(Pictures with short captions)
___

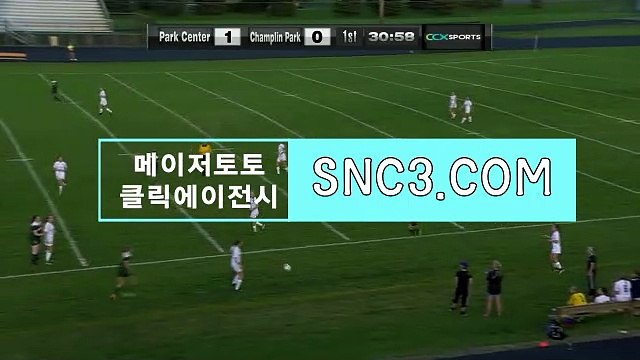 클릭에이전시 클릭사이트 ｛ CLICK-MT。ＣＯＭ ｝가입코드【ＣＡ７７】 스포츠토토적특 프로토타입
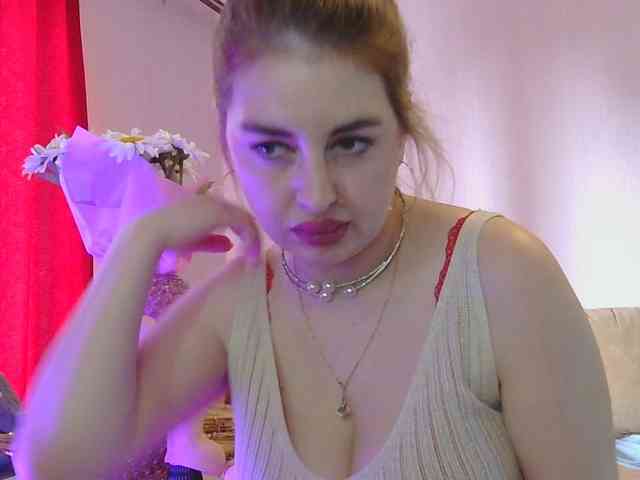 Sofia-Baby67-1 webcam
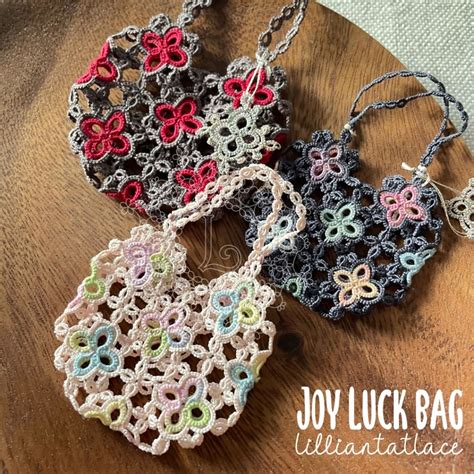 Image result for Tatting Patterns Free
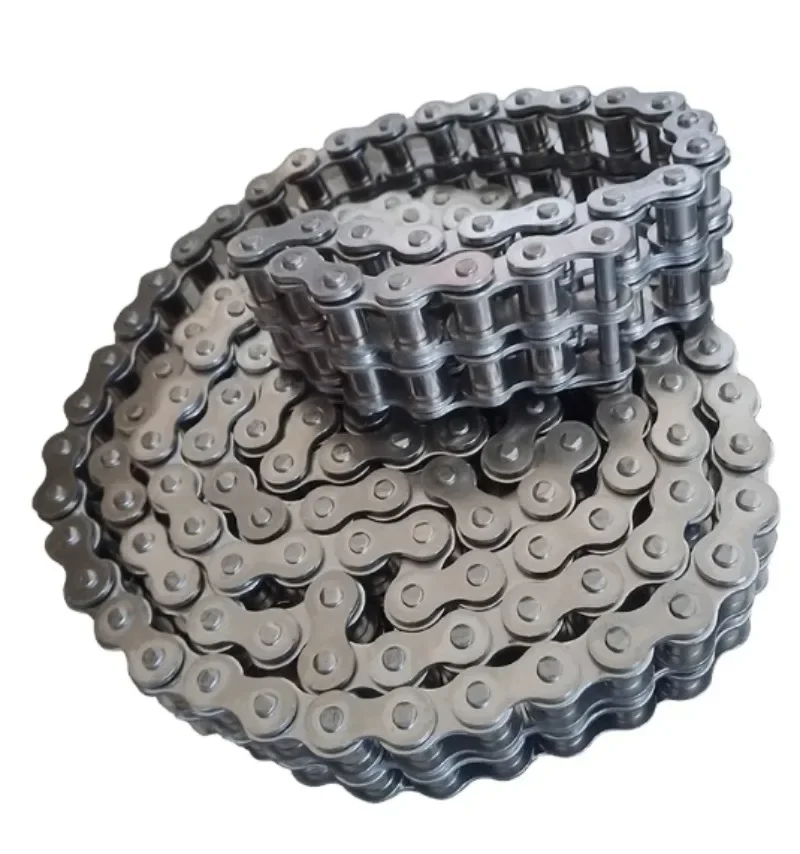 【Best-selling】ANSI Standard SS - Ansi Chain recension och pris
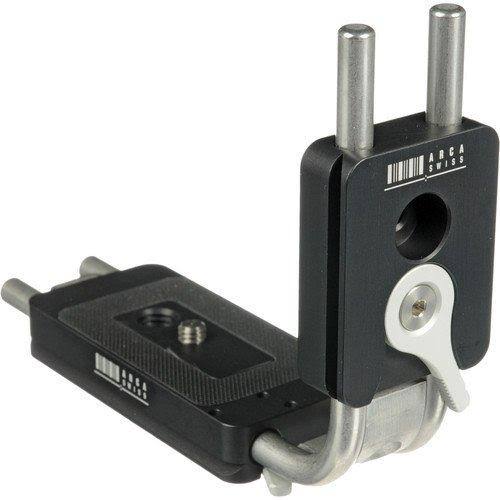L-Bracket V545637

___

Work to be completed: Transcribe, word for word, the line holding "Sofia-Baby67-1 webcam" and all lines after it in the entries above, ending with the last. Only those lines; no pictures.

Answer to this problem:
 Sofia-Baby67-1 webcam
 Image result for Tatting Patterns Free
 【Best-selling】ANSI Standard SS - Ansi Chain recension och pris
L-Bracket V545637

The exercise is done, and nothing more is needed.